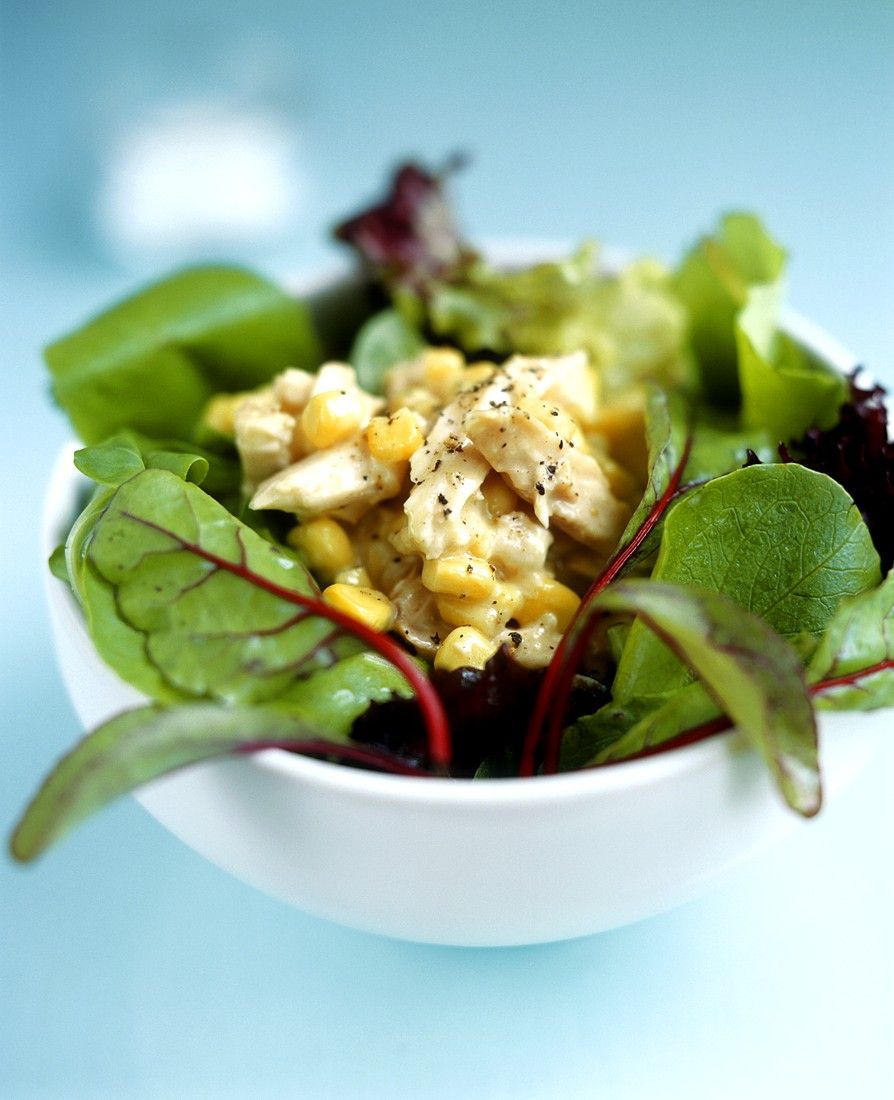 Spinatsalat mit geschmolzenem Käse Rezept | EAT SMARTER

==

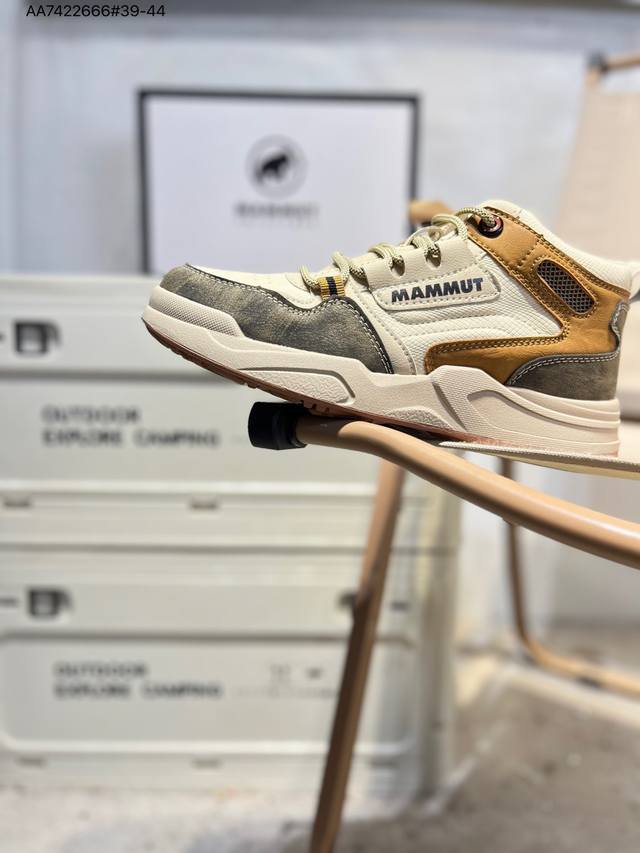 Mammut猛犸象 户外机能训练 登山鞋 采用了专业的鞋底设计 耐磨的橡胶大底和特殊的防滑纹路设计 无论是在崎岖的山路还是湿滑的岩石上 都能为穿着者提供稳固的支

--

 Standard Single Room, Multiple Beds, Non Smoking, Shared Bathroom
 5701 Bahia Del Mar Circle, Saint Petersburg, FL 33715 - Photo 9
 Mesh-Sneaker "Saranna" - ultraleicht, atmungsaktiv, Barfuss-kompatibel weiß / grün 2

Work instruction. Copy out precisely the lines from the line with "5701 Bahia Del" to the line with "weiß / grün 2" in the material above, including those two lines and omitting all the rest.

Result of the exercise.
 5701 Bahia Del Mar Circle, Saint Petersburg, FL 33715 - Photo 9
 Mesh-Sneaker "Saranna" - ultraleicht, atmungsaktiv, Barfuss-kompatibel weiß / grün 2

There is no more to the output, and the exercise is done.